Até 1911 e depois em 1931, ano em que regressou à configuração inicial, a corrida realizar-se-ia sempre naquele que ficaria para a história como o seu primeiro traçado. Para, entre 1912 e 1914, passar a disputar-se num percurso bem mais extenso, em redor do perímetro da Sicília e com um total de 975 quilómetros, que ficaria conhecido como “A volta à Ilha”. Desse tempo, fica o nome de Giovanni “Ernesto” Ceirano, piloto italiano que, em 1914, ao volante de um SCAT, completou o traçado em 16h51m31,6s, estabelecendo aí o recorde desse percurso.

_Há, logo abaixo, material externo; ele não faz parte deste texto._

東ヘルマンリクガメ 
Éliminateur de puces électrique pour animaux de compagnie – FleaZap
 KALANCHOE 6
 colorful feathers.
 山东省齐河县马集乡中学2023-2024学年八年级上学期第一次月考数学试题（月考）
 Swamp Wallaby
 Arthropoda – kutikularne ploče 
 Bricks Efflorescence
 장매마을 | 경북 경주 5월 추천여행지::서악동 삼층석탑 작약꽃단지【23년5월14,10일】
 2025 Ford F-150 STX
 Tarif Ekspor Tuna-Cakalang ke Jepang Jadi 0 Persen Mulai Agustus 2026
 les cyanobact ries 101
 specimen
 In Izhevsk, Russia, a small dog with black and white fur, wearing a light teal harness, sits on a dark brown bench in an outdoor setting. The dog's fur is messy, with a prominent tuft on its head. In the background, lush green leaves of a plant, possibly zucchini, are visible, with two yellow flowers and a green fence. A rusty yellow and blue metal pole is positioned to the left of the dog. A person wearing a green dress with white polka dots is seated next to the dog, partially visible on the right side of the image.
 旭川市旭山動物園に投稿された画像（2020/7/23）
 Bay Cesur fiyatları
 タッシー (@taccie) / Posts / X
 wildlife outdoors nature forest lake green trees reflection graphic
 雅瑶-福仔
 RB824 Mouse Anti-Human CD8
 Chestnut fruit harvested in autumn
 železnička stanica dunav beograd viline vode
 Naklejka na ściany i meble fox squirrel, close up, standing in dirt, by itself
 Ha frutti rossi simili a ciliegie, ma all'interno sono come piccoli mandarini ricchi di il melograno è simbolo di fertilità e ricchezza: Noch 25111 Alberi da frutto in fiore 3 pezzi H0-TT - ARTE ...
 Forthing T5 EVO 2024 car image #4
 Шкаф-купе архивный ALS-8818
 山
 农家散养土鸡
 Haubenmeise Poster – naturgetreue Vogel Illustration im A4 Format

Até à interrupção decretada pela II Guerra Mundial, tempo ainda para, já com o traçado encurtado para 108 km, embora com os pilotos a terem de cumprir várias voltas, perfazendo totais entre os 432 e os 580 quilómetros, outro italiano, Achille Varzi, fixou em 1931, ao volante de um Bugatti Type 51, um novo recorde. Desta feita, graças ao tempo de 2 horas, 3 minutos e 54,8 segundos.

Antes e depois da Guerra

Com a Europa arrasada pela II Grande Guerra, a Targa Florio voltaria apenas em 1948, com o traçado mais longo de sempre: 1.080 km. Percurso que, embora tendo sido mantido apenas durante três anos, permitiu à dupla Mario e Franco Bornigia, ao volante de um Alfa Romeo 6C Competizione, inscreverem o seu nome na história, ao terminarem a edição de 1950 com o tempo 12h26m33s.

A partir de 1951, a competição imaginada por Vicenzo Florio adoptaria novo percurso, que devido aos seus apenas 72 km de distância, ficaria para a história como o “Piccolo Circuito”. Se bem que os pilotos tivessem de cumprir várias voltas ao traçado, o que os obrigava a quilometragens que variavam de ano para ano, entre os 359 km fixados em 1957 e os 1.008 estipulados em 1958 e 1959.

Jo Siffert na Targa Florio de 1970, aos comandos do Porsche 908/3 vencedor, que dividiu com Brian Redman

Desse período, sobressai o resultado alcançado pelo finlandês Leo Kinnunen, que em 1972, ao volante de um Porsche 908/3, fez uma volta na Targa Florio em 33m36s, à velocidade média de 128,571 km/h. O que, num traçado desenhado praticamente só em estradas de montanha, com cerca de 900 curvas, foi obra!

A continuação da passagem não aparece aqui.